* PROBLEM DESCRIPTION: Excluding every picture, print exactly the lines from the one containing "Louis Vuitton Capucines" through the end of the material below, both ends included.

(GIVEN INFORMATION begins)

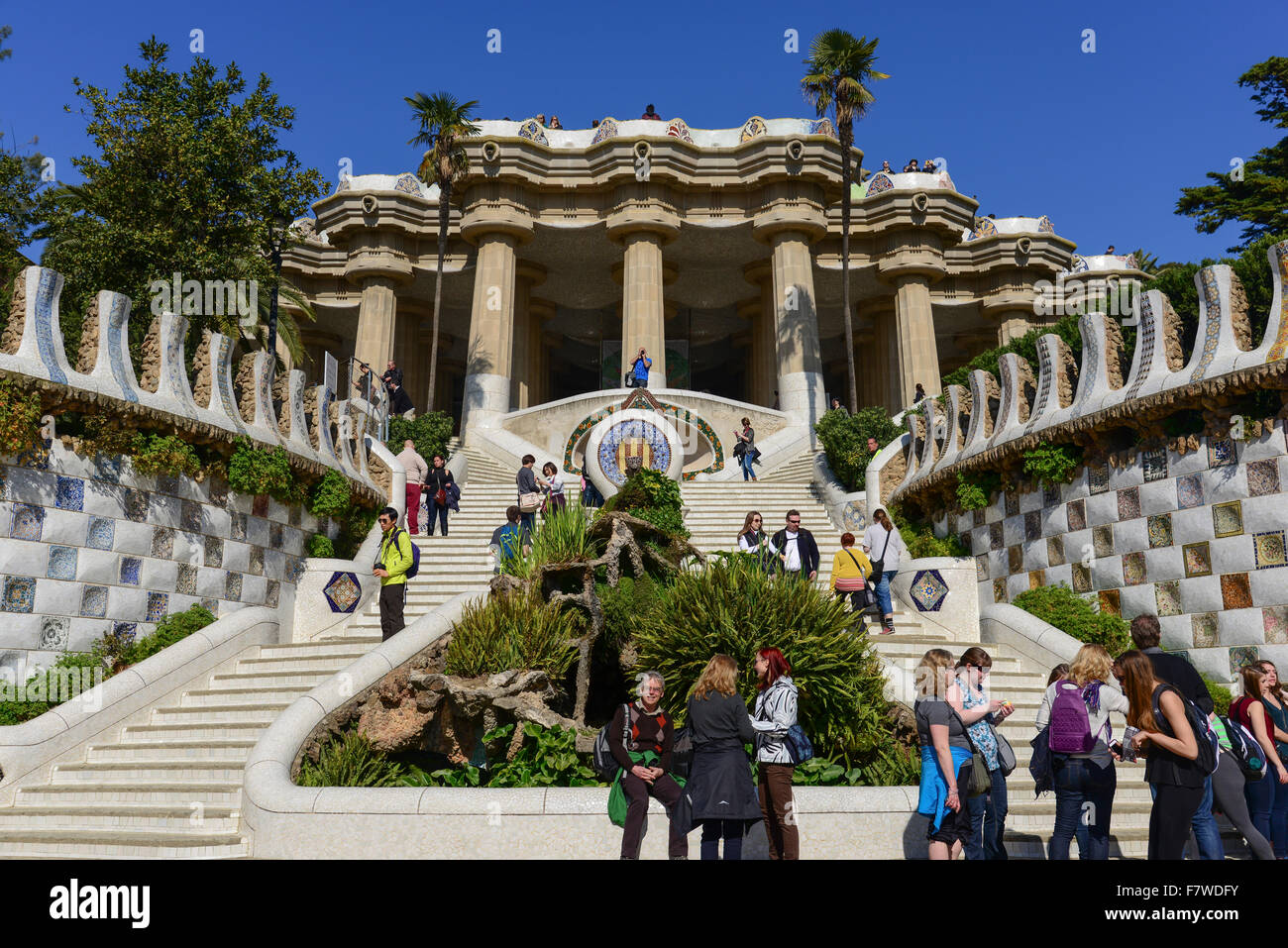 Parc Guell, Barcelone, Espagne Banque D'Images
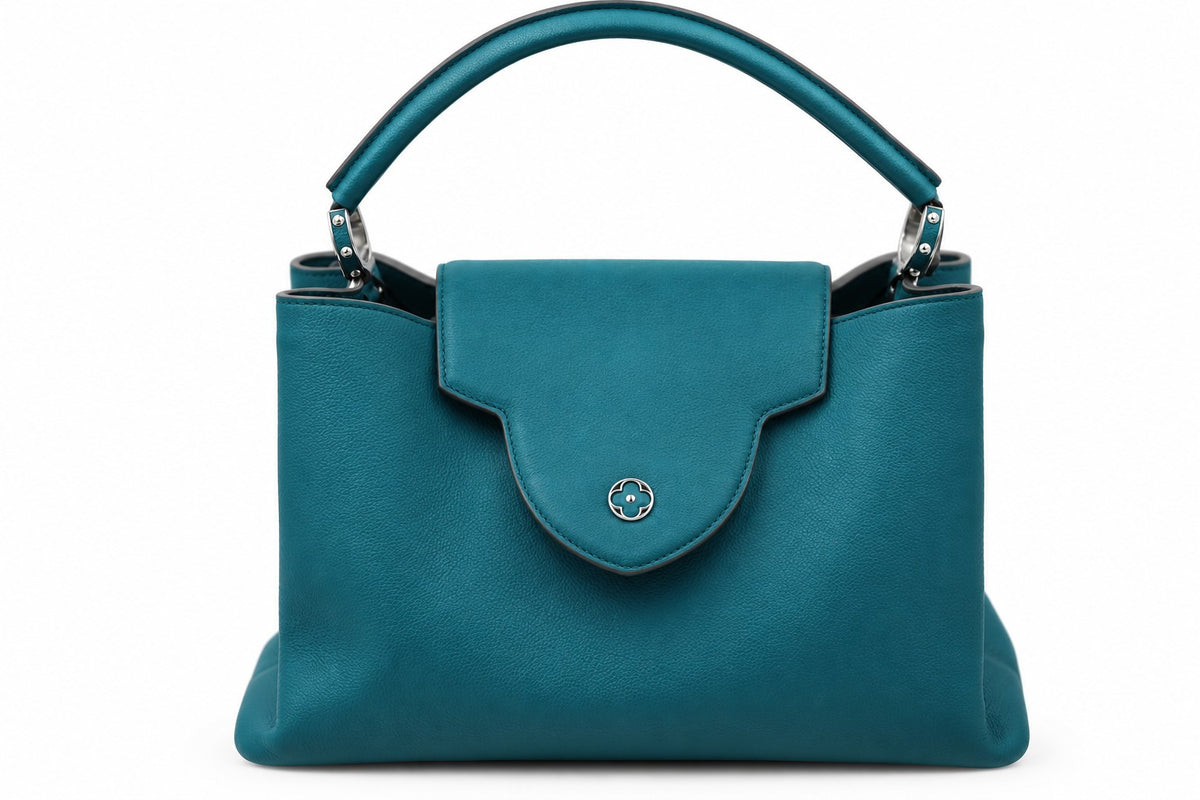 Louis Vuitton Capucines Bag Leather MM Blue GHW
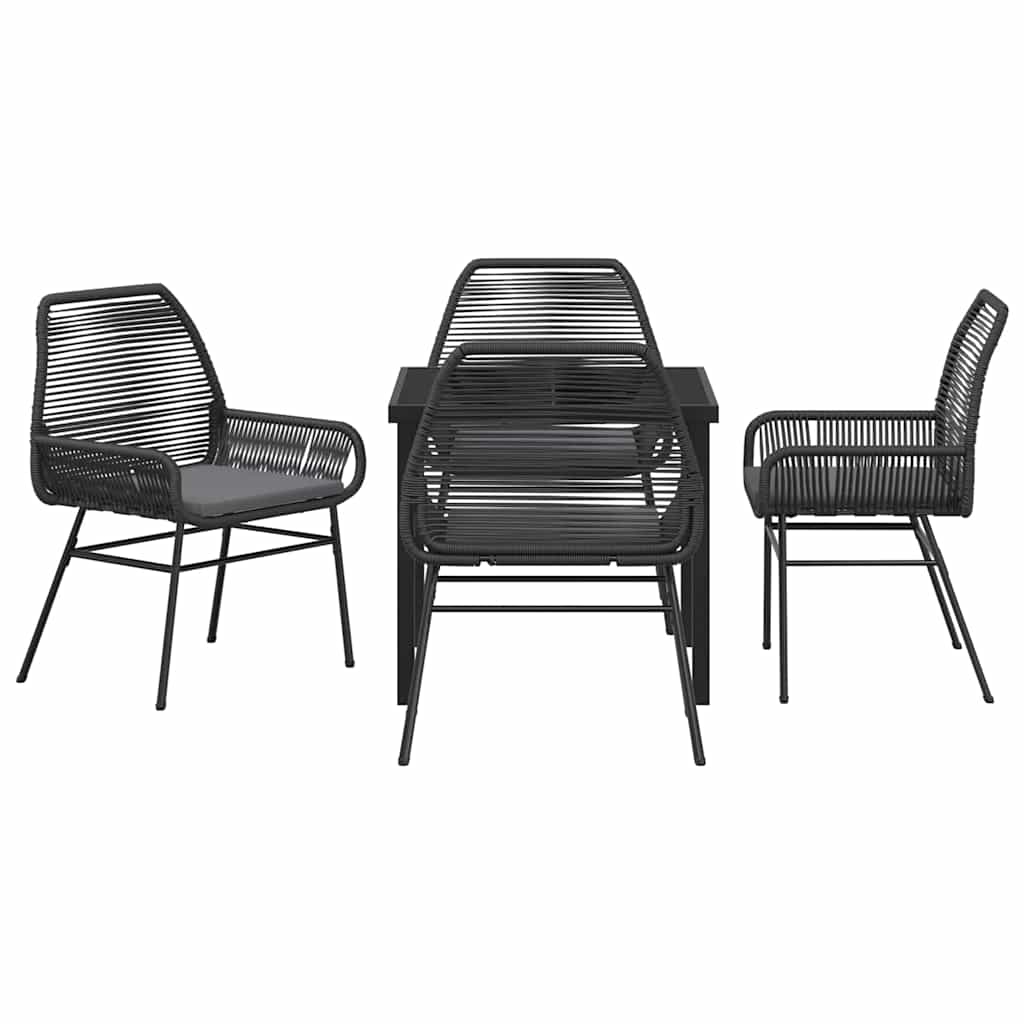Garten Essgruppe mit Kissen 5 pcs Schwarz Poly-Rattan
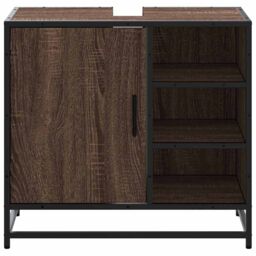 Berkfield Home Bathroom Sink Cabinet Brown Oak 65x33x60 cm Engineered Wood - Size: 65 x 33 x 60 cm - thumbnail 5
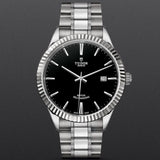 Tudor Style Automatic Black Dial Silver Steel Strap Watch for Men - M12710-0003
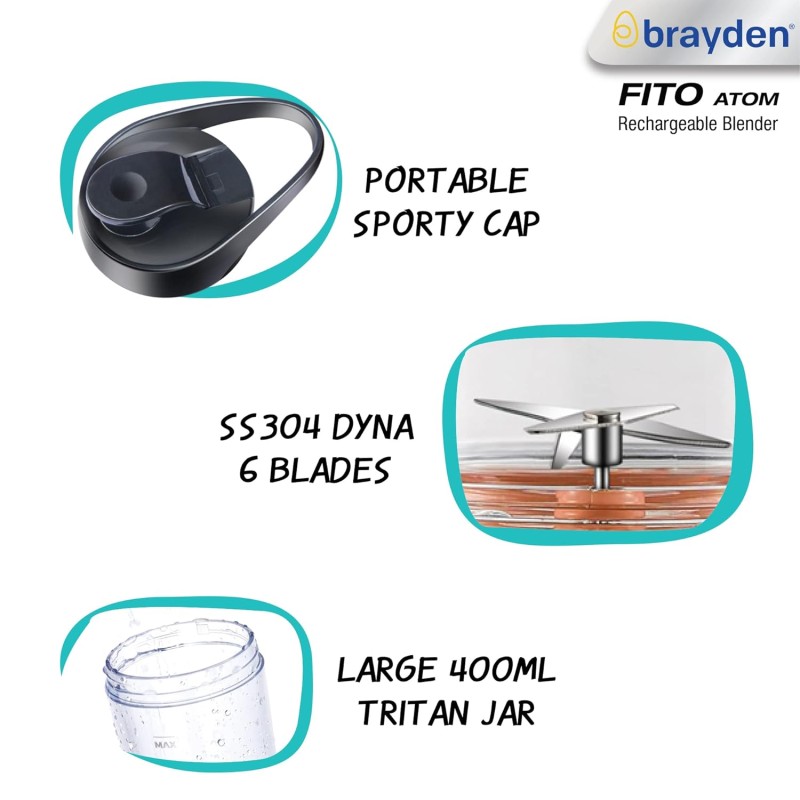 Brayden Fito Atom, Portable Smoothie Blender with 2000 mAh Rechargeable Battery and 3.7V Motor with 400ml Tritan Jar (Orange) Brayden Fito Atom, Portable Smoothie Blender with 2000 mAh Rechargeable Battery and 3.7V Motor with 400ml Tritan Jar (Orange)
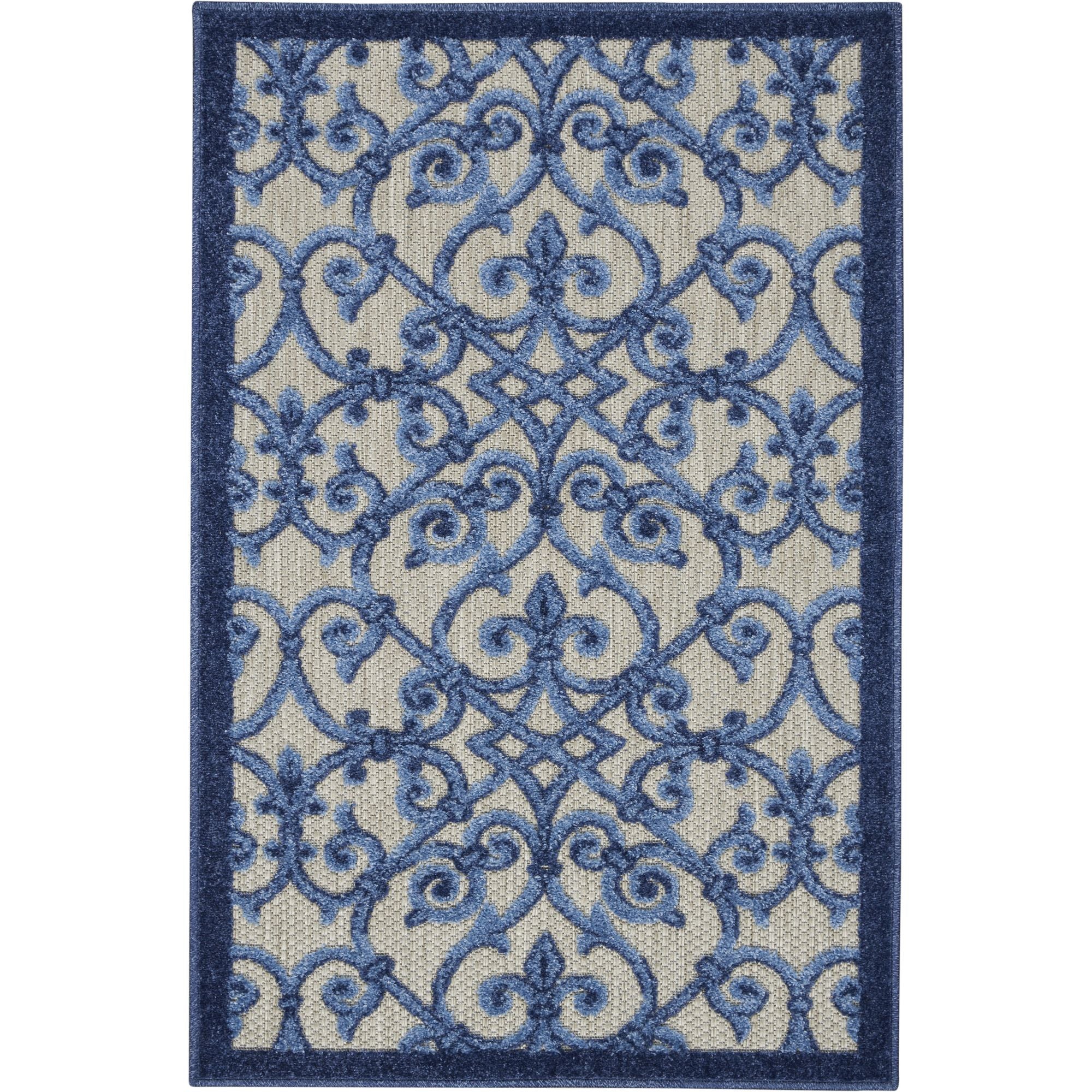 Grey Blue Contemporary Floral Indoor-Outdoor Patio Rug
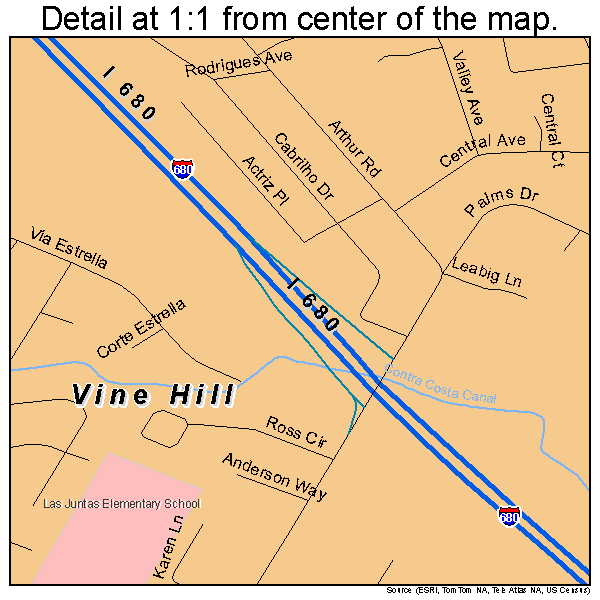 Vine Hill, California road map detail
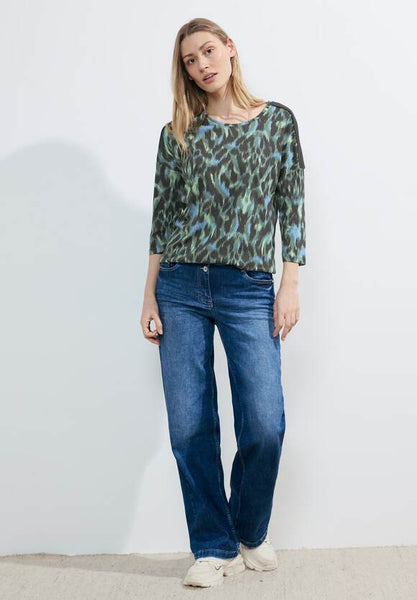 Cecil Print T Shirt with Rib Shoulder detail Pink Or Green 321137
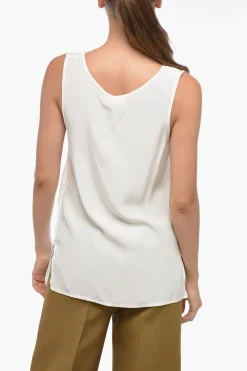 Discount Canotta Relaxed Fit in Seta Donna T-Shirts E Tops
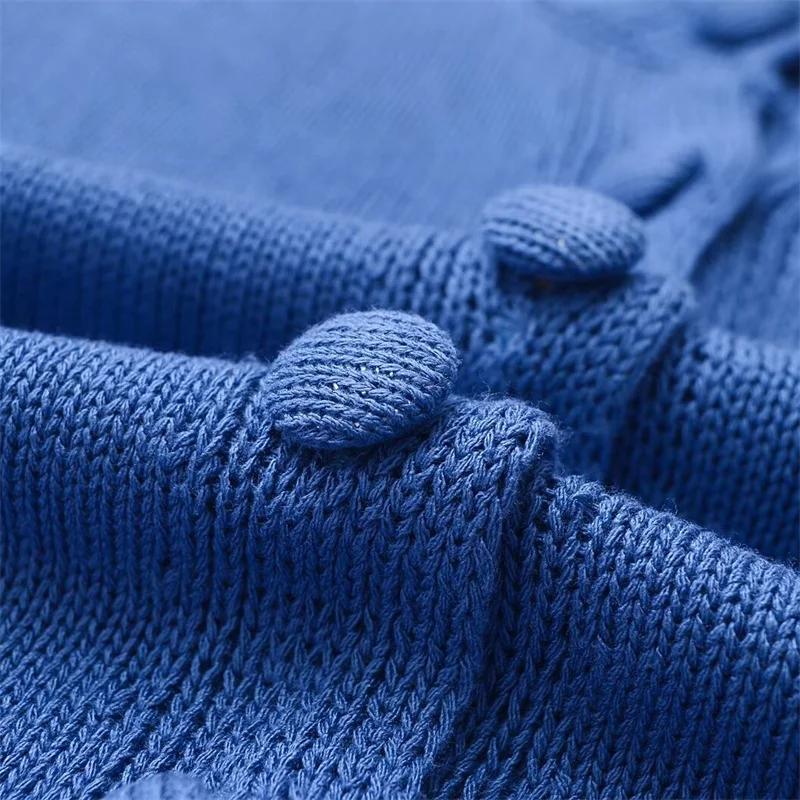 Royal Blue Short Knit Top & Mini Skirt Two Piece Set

(GIVEN INFORMATION ends)

* ANSWER BELOW:
 Louis Vuitton Capucines Bag Leather MM Blue GHW
Garten Essgruppe mit Kissen 5 pcs Schwarz Poly-Rattan
 Berkfield Home Bathroom Sink Cabinet Brown Oak 65x33x60 cm Engineered Wood - Size: 65 x 33 x 60 cm - thumbnail 5
 Tudor Style Automatic Black Dial Silver Steel Strap Watch for Men - M12710-0003
 Brayden Fito Atom, Portable Smoothie Blender with 2000 mAh Rechargeable Battery and 3.7V Motor with 400ml Tritan Jar (Orange) Brayden Fito Atom, Portable Smoothie Blender with 2000 mAh Rechargeable Battery and 3.7V Motor with 400ml Tritan Jar (Orange)
 Grey Blue Contemporary Floral Indoor-Outdoor Patio Rug
 Vine Hill, California road map detail
 Cecil Print T Shirt with Rib Shoulder detail Pink Or Green 321137
 Discount Canotta Relaxed Fit in Seta Donna T-Shirts E Tops
 Royal Blue Short Knit Top & Mini Skirt Two Piece Set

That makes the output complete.